- **WORK REQUIRED**
Go through the lines below and repeat each one exactly, skipping pictures.

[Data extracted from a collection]
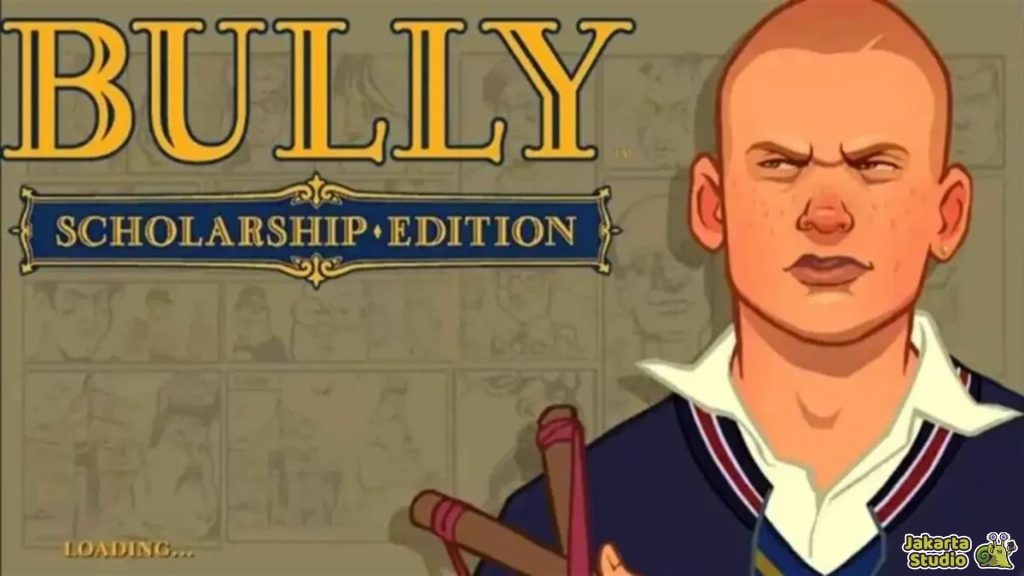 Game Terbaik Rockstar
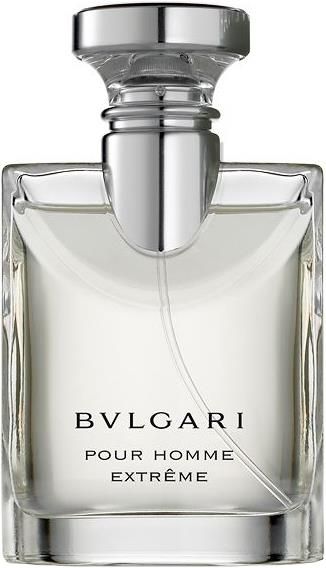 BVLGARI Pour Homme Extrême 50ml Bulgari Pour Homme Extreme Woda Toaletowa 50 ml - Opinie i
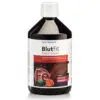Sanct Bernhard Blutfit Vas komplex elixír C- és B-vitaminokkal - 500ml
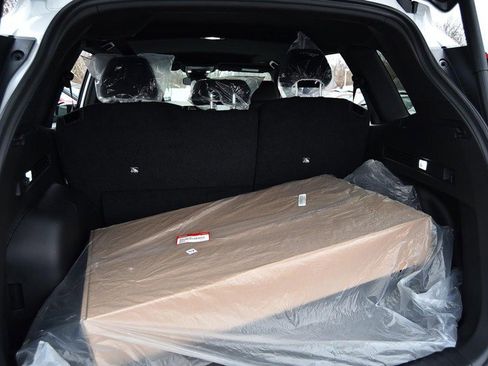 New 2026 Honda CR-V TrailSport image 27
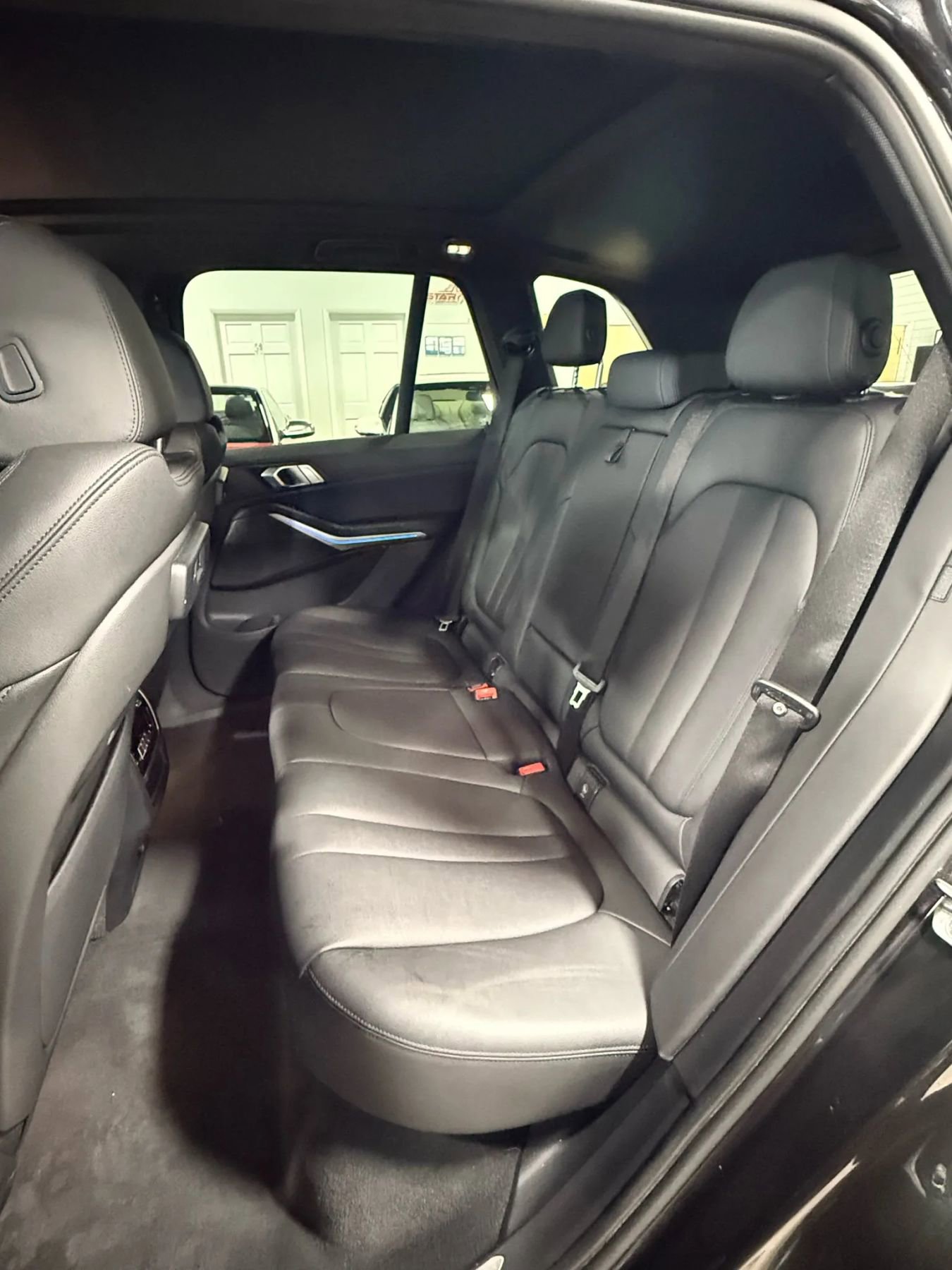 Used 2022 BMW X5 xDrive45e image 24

- **RESULT OF THIS TASK**
 Game Terbaik Rockstar
 BVLGARI Pour Homme Extrême 50ml Bulgari Pour Homme Extreme Woda Toaletowa 50 ml - Opinie i
Sanct Bernhard Blutfit Vas komplex elixír C- és B-vitaminokkal - 500ml
 New 2026 Honda CR-V TrailSport image 27
 Used 2022 BMW X5 xDrive45e image 24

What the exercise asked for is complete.